To live with the Ford Tourneo, which is based extensively on the latest version of the Ford Transit Connect light van, is consummately easy. For a start, it is a more modern vehicle than the Pug, which is still in production by the way, although not for much longer. However, make no mistake, this vehicle is a Transit and it is, thus, a commercial vehicle, built as such and with heavy duty intentions in mind. Its suitability as a workaday people-mover (or MPV) is what is in question. Does the Ford make the transition (if you can pardon the pun) from van to car?
Well, I can tell you assuredly that it does. However, upon first acquaintance, you might believe otherwise. Okay, the non-commercial colour of the test vehicle (a high-gloss coppery bronze) kind of gives it away. However, colour is not everything. The interior trim is certainly grey and businesslike, consisting of hard, easy-to-wipe plastic surfaces, although all five seats are pleasingly trimmed and exceptionally comfortable.
The multi-adjustable driving position (height, rake and reach of both seat and steering column) is very car-like, although the deep windscreen, the base of which looks to be so far out of reach, you would need a very small child to clamber across the dashboard and work bony fingers into its darkest recesses to clean it, is initially off-putting. There is so much headroom that you feel as though you are driving a double-decker and height-restricted drivers are lost in its confines.
However, within minutes of setting off, the van seems to shrink around the driver and deliver the most car-like driving experience imaginable. I would venture to suggest that the Tourneo is as engagingly fun to drive as a Ford Focus, which happens to be one of the best driving cars of the moment. Although it might seem like a spurious claim, after all the Tourneo IS a van, I promise you that its ride quality is definitely not van-like and even without a half-tonne load in the back, it remains compliant and comfortable, only reacting suddenly, with solid rear axle expectations, over speed humps and the worst transverse ridges in the road surface.
Powered by what I can only term as the venerable 112bhp version of the Ford-PSA 1.6-litre turbo-diesel engine, while accepting that it needs a bloody good shove to get it to hike up its skirts and go, it despatches the 0-60mph blast in a most acceptable 13.5 seconds to an all-out top speed of an indicated 110mph. Pottering around town is delightful, because the amount of bottom-end grunt means that the Tourneo is never left behind, although the best bit of all is the vehicle’s fuel-sipping ability.

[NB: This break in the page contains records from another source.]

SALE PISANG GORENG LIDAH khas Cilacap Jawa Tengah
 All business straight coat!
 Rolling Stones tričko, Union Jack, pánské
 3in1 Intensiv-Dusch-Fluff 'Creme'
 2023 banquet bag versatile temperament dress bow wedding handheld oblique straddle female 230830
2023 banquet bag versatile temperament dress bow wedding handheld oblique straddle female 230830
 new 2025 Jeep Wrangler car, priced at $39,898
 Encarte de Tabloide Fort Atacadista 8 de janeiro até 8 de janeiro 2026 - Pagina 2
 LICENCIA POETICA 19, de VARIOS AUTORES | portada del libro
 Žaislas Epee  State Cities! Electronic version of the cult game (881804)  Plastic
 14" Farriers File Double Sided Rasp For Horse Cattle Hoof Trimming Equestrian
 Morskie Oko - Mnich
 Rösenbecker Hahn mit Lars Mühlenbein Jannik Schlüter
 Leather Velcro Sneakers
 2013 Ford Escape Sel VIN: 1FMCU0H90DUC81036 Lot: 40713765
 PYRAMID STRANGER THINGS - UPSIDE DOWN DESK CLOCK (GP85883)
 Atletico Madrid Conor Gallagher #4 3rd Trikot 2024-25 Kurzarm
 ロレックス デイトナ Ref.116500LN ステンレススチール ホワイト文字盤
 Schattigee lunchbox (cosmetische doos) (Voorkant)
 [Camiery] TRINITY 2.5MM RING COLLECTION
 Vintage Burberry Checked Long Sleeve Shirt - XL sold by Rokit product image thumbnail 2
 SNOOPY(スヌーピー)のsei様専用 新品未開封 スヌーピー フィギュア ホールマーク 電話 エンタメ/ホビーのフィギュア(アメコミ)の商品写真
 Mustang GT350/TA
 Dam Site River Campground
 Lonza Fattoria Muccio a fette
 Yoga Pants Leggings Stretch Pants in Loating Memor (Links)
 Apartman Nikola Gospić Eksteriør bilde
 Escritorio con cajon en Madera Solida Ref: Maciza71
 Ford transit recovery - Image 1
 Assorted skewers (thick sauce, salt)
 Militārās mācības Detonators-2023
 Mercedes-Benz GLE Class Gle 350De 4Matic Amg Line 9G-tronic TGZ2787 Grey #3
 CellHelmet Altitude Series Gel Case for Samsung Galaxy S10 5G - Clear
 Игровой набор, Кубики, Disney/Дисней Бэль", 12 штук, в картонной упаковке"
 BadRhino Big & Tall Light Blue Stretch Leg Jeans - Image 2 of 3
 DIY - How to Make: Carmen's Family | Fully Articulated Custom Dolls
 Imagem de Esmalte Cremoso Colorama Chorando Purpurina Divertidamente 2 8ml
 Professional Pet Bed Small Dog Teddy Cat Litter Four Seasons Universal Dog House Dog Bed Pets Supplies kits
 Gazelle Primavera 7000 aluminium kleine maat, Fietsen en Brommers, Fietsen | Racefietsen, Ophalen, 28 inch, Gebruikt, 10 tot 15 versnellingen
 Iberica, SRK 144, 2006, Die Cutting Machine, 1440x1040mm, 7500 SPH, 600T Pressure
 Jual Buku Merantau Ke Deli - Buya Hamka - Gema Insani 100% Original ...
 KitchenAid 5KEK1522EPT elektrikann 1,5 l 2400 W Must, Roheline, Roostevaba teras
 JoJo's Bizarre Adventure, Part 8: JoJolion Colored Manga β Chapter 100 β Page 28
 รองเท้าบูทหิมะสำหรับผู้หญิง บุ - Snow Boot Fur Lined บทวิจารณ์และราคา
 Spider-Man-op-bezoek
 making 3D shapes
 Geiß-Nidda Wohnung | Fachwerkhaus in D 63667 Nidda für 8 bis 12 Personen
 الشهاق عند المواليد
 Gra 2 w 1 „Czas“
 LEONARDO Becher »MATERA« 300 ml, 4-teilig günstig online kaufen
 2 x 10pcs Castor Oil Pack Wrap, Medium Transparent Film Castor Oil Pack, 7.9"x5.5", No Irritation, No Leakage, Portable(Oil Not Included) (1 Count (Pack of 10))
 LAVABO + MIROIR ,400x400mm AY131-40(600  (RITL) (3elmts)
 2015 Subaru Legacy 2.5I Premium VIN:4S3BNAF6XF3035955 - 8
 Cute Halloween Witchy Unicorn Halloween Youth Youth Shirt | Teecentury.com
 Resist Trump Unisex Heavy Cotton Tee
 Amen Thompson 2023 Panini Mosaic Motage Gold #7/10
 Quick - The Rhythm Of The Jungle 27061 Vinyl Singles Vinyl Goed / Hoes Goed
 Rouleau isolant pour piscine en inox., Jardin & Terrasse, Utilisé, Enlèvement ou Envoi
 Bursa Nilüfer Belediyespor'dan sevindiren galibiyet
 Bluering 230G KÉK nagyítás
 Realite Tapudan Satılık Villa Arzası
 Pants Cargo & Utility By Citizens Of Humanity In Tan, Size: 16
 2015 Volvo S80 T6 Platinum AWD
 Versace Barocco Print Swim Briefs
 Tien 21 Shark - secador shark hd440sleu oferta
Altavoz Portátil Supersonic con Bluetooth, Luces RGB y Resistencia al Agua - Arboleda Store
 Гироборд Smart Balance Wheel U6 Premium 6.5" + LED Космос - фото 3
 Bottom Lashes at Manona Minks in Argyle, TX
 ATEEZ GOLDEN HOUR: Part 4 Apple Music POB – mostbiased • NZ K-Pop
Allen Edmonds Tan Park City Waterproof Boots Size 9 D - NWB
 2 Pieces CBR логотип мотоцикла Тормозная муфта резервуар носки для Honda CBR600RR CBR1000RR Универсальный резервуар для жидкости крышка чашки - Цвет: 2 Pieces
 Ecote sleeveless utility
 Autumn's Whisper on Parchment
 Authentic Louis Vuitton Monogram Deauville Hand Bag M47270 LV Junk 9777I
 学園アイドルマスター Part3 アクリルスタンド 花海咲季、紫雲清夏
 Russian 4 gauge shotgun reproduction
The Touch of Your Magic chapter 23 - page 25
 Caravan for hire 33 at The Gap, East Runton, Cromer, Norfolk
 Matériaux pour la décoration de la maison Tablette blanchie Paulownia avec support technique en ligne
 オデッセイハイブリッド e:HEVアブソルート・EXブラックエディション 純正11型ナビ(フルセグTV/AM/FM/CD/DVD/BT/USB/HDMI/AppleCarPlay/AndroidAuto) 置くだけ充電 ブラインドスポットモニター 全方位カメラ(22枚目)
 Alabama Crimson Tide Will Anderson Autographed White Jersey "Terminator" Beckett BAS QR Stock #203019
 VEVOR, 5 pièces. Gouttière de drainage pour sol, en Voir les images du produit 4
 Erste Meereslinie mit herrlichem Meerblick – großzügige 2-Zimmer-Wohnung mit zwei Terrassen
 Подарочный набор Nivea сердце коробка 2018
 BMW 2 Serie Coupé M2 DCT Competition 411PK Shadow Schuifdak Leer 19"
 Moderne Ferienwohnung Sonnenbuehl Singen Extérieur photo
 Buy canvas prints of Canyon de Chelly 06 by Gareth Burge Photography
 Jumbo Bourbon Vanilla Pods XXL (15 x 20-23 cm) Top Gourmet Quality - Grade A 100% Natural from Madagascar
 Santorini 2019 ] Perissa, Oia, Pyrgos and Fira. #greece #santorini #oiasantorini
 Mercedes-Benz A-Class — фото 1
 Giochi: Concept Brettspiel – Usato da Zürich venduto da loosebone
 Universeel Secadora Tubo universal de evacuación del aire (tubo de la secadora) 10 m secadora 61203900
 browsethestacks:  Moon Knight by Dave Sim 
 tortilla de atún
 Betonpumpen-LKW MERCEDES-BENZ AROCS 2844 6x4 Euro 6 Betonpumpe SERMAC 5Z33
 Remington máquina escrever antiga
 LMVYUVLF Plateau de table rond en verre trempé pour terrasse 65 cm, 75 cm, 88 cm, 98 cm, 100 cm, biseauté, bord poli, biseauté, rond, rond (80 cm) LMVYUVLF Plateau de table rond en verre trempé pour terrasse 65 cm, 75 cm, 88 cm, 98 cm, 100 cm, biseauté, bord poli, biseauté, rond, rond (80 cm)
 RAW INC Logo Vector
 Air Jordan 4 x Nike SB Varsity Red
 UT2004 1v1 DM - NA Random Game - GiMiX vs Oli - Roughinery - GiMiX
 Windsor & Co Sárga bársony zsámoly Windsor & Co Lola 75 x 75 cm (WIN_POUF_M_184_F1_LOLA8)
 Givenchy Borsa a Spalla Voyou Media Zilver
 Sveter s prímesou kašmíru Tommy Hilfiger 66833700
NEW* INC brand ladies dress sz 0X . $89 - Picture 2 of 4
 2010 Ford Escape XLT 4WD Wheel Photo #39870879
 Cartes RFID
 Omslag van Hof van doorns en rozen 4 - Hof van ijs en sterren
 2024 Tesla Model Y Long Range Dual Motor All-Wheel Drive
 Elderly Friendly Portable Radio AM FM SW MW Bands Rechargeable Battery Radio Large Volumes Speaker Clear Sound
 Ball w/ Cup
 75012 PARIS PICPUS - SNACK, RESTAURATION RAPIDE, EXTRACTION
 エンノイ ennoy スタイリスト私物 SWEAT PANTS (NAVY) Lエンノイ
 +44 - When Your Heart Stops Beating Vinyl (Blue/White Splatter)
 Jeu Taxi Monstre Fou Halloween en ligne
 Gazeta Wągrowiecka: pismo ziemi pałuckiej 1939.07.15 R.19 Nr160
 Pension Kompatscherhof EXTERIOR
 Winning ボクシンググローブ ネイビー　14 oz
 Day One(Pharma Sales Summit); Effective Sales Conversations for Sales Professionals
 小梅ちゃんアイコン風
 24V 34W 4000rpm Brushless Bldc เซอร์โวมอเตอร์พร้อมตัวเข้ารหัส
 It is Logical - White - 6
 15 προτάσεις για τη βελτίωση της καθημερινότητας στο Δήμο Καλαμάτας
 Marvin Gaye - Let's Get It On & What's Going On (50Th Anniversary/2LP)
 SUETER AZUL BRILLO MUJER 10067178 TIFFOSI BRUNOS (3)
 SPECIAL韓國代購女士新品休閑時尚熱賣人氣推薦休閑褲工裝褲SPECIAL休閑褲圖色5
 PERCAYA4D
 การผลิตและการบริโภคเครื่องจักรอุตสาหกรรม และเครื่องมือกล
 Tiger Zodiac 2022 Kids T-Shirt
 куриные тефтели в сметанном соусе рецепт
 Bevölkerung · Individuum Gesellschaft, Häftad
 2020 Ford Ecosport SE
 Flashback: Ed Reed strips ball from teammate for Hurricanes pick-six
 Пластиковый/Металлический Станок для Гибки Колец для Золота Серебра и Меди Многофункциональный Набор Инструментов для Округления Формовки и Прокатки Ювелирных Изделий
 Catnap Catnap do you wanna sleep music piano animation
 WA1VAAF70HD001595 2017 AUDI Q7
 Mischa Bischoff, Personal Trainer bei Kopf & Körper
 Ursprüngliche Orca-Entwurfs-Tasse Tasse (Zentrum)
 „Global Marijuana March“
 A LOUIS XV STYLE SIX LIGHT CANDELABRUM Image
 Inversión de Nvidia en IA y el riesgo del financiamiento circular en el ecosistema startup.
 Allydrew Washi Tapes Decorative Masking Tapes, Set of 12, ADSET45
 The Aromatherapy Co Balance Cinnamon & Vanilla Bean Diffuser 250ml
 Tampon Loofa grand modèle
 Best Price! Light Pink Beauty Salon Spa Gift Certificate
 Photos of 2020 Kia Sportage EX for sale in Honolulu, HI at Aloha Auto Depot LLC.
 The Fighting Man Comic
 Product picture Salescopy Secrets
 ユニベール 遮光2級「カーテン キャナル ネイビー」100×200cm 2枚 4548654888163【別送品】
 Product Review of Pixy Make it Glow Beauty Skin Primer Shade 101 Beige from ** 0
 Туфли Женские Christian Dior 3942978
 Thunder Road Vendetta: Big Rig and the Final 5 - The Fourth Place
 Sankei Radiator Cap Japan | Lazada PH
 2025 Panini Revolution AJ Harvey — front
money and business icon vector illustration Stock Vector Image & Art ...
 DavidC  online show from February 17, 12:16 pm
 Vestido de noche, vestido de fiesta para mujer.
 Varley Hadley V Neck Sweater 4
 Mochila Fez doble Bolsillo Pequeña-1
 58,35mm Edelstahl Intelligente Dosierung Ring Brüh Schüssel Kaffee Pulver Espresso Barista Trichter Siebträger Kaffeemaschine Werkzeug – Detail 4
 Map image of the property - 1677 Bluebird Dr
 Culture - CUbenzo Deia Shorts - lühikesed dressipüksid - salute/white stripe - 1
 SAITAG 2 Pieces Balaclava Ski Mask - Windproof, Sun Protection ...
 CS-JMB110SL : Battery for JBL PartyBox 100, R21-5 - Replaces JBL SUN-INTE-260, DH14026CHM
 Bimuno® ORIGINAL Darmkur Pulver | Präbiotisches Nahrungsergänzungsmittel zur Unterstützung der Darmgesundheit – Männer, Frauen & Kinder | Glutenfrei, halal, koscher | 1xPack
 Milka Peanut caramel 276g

The government figure is given as 58.9mpg, which means that my overall return of 52.2mpg in a testing few days of punting around Lincoln, taking a trip down to Luton and carrying out an endless run of delivering people and goods over a ten days period is actually not bad performance at all. While all vans will soon be forced into displaying their MPG and CO2 figures, just like the car industry does, the Tourneo Connect is rated at 130g/km CO2, which means that it falls into Band D, or £110 per annum, for VED charges.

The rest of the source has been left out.